The number of pages in a book sets up certain expectations in the reader. I notice this most frequently when the book ends well before the number of pages runs out. My expectations about plot and argument flow are tied to how many pages I think are left in a book. This means that conclusions may seem unexpectedly hasty when the book finished early, whether by 10 or 50 pages.

Those extra pages in a book may be index; bibliography; afterwards; a sample chapter of the sequel; a sample chapter of an unrelated book; a collection of short stories or essays related to the book; advertisements for other books; forms to fill out to request catalogs from publishers. There are all sorts of reasons for having non-main-sections at the end of a book. I'm more likely to expect them in non-fiction, but not always as much as there is.

And it still usually trips me up. I was expecting there to be more story/plot/argument.

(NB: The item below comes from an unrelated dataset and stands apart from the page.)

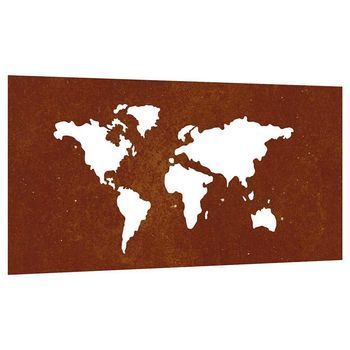 Adorno De Pared Jardín Acero Corten Diseño Mapamundi 105x55 Cm Vidaxl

( 4 comments — Leave a comment )
Jan. 30th, 2008 12:29 am (UTC)
And thus, I've developed a habit of putting a post-it or bookmark on the last page/conclusion, so that I know how much longer I have to go. (I find it useful, at least, in judging how much more time it'll take to read.)
Jan. 30th, 2008 08:51 am (UTC)
i also find those extra pages annoying for the same reason
Jan. 30th, 2008 12:16 pm (UTC)
Ooooh - this has been a great food-for-thought post. Thank you! I've never consciously thought about this before, but I know that I do always look ahead to find the last page - not to read it, but to know the number of pages left.

So yes, subconsciously it must bother me, too!
Feb. 1st, 2008 02:35 am (UTC)
I do that as well. I always want to know where the end is, especially if it's a scholarly book, where the end might be way before the last page.